Module 05: CI/CD for ML
Why CI/CD for ML Is Different
Software CI/CD is solved. You push code, tests run, a binary deploys. Pass or fail is deterministic. ML is fundamentally different: your "artifact" is a trained model whose quality depends on data, hyperparameters, and randomness - none of which standard unit tests can catch. A broken model can pass every lint check, type check, and unit test and still ship predictions that are confidently wrong.
This module teaches you to build CI/CD pipelines that actually catch ML-specific failures: models that regress on demographic subgroups, pipelines that silently drop training rows, retraining jobs that never fire when data drifts. You will wire together GitHub Actions, GitLab CI, evaluation gates, and automated retraining into a system that earns the trust of production.
Module Map
Learning Objectives
By the end of this module you will be able to:
- Explain the dual CI problem in ML and why standard software pipelines are insufficient
- Build a practical ML test suite covering units, integrations, and model validation
- Write GitHub Actions workflows with conditional training triggers and GPU runner support
- Configure GitLab CI DAG pipelines for end-to-end ML lifecycle management
- Design multi-metric evaluation gates with statistical significance checks
- Implement trigger-based automated retraining with human-in-the-loop approval steps
- Architect continuous training systems that safely update models every few hours
Prerequisites
- Familiarity with Git branching and pull requests
- Python and basic ML model training (any framework)

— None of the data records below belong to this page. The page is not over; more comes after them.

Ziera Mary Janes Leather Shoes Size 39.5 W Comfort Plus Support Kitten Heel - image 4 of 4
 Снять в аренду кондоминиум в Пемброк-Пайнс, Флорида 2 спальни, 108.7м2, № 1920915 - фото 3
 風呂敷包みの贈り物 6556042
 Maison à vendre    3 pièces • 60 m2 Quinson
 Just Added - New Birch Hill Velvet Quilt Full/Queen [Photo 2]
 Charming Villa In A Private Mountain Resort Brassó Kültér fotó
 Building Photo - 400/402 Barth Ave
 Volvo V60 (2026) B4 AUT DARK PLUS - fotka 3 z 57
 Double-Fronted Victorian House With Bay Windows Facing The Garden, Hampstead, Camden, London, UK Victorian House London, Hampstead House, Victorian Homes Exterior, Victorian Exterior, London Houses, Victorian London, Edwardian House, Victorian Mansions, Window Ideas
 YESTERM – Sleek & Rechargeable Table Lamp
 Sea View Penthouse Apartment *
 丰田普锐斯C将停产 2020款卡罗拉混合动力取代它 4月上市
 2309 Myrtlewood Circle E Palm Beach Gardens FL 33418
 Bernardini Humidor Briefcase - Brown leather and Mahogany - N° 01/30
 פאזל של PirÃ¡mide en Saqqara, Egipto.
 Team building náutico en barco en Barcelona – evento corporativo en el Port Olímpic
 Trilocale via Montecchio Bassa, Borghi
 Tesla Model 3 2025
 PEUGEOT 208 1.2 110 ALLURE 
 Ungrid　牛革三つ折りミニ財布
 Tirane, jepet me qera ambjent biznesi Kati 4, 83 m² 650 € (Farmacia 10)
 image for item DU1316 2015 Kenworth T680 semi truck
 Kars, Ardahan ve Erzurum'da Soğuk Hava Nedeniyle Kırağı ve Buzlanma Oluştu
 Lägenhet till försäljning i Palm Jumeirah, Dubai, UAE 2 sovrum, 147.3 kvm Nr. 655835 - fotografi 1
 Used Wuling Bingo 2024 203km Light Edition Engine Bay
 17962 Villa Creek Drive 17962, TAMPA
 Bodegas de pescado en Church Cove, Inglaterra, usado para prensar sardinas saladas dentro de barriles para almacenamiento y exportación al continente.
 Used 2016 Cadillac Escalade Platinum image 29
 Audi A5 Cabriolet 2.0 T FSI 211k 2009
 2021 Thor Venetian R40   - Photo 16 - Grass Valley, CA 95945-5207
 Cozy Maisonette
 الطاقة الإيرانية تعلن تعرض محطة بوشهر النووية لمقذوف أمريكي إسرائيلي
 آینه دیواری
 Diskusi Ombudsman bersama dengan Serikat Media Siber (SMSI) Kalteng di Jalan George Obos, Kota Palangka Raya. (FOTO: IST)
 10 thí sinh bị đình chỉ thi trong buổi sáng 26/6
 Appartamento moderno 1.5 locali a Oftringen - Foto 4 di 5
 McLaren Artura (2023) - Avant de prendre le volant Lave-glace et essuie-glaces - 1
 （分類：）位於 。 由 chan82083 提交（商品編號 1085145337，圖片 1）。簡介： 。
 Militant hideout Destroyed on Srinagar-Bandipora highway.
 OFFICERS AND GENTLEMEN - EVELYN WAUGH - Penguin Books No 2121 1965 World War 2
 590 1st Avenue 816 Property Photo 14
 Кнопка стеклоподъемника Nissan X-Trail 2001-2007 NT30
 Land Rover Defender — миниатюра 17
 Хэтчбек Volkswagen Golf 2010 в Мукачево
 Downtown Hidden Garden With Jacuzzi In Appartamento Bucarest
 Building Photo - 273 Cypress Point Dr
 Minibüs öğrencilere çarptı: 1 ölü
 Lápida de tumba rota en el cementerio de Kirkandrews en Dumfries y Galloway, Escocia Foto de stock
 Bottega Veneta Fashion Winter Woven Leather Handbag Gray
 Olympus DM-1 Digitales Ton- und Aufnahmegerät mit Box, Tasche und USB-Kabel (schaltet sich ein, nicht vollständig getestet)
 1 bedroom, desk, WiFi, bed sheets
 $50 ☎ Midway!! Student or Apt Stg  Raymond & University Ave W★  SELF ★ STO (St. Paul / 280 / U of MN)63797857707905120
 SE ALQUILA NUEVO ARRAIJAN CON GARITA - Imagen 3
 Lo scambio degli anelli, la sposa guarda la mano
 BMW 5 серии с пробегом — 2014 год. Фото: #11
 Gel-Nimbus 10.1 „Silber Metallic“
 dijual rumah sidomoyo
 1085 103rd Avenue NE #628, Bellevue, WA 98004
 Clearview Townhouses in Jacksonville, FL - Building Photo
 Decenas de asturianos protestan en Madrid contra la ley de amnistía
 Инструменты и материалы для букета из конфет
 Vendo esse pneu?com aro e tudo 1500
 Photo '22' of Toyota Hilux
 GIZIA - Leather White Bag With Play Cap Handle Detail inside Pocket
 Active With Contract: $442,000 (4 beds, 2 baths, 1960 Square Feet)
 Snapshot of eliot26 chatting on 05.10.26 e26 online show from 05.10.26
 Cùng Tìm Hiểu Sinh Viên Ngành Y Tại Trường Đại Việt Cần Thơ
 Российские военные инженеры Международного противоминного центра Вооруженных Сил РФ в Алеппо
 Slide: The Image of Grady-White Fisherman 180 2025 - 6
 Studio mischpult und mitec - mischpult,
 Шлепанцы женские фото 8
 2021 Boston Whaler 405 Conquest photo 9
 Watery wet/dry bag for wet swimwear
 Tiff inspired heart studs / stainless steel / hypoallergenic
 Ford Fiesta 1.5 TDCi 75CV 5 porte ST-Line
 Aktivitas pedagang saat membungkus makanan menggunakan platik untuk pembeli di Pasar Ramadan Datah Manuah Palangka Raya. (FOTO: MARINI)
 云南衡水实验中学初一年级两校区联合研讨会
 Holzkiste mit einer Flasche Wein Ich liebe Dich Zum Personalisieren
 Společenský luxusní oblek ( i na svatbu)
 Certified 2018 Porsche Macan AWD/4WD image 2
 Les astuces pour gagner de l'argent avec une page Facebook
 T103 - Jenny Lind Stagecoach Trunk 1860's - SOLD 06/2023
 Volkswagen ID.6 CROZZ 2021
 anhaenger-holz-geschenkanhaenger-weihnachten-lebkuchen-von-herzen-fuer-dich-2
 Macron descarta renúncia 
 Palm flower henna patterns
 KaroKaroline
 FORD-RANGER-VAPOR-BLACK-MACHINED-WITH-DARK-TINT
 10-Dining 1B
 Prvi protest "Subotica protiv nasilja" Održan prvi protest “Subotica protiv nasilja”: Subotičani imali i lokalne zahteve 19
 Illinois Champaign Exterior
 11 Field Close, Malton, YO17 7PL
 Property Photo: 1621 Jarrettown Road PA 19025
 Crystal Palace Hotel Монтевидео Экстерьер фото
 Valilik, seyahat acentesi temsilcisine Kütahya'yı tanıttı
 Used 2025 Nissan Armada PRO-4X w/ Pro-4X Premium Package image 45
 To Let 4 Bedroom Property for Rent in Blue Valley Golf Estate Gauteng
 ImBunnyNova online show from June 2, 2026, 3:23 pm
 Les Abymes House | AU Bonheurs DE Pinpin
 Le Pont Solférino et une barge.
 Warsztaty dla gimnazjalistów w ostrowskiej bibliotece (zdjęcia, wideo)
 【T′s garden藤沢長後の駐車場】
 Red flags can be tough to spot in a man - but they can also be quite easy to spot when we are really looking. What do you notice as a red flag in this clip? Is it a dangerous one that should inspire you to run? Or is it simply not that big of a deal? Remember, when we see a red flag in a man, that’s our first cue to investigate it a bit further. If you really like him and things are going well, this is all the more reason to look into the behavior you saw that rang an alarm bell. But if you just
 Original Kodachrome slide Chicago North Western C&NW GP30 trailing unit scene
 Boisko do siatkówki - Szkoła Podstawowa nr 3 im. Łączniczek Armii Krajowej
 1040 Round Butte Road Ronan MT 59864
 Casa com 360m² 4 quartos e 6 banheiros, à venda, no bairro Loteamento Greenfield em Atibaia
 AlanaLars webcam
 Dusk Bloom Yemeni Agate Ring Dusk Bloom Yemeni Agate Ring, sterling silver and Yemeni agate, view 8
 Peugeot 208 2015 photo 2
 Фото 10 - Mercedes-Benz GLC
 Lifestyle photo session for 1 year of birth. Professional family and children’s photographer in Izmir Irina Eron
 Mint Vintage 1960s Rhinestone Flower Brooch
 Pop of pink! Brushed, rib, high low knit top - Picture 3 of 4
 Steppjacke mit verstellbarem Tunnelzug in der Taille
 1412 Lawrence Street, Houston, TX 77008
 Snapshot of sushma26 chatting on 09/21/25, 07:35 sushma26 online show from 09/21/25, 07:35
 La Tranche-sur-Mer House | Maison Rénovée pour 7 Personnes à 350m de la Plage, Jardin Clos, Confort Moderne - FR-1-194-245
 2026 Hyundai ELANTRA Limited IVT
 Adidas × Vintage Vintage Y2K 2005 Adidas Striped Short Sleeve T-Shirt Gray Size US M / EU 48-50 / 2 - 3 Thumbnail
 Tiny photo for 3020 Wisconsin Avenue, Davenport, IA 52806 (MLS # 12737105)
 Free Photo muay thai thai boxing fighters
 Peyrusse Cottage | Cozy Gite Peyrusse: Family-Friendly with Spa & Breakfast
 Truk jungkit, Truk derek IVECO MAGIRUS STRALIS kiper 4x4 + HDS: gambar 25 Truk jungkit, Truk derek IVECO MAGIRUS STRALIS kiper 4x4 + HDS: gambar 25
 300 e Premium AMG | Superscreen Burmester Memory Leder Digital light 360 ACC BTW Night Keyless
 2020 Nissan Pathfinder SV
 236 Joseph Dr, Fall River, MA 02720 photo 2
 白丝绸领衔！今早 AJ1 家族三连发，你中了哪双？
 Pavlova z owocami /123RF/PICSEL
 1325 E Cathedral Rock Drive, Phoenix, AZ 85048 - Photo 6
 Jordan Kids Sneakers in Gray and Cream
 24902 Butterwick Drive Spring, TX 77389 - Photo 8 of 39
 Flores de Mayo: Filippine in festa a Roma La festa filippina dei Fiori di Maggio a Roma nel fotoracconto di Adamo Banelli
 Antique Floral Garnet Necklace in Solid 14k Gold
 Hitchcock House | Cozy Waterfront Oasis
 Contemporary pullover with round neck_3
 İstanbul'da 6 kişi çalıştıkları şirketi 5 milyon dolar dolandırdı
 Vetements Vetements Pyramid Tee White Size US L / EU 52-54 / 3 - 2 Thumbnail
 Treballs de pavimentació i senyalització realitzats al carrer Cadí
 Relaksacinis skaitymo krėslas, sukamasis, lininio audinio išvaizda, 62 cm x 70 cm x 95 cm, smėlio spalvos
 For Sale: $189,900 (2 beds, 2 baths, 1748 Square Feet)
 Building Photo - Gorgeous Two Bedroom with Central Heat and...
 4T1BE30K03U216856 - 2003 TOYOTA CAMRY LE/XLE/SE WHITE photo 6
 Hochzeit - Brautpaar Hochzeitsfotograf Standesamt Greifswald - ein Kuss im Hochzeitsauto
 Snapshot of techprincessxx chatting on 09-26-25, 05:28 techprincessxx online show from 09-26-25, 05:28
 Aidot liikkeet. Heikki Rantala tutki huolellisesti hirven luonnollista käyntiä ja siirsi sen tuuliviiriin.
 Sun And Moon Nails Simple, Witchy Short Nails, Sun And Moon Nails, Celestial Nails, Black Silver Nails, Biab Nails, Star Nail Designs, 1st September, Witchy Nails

- Basic Linux command line
- Module 04 (experiment tracking) recommended but not required
Lessons
| # | Lesson | Core Problem Solved |
|---|---|---|
| 01 | CI/CD for ML vs Software | Standard CI passes broken models |
| 02 | Testing ML Code | Building ML test suite from zero |
| 03 | GitHub Actions for ML | Conditional training on data/code change |
| 04 | GitLab CI for ML | Enterprise ML pipeline data-to-prod |
| 05 | Model Evaluation Gates | Gate failure on demographic subgroup |
| 06 | Automated Retraining Pipelines | Fraud model retrain every 48 hours |
| 07 | Continuous Training | News ranking model fresh every 4 hours |
Estimated Time
7–9 hours total. Each lesson is self-contained; follow the module sequentially or jump to the lesson most relevant to your current pain point.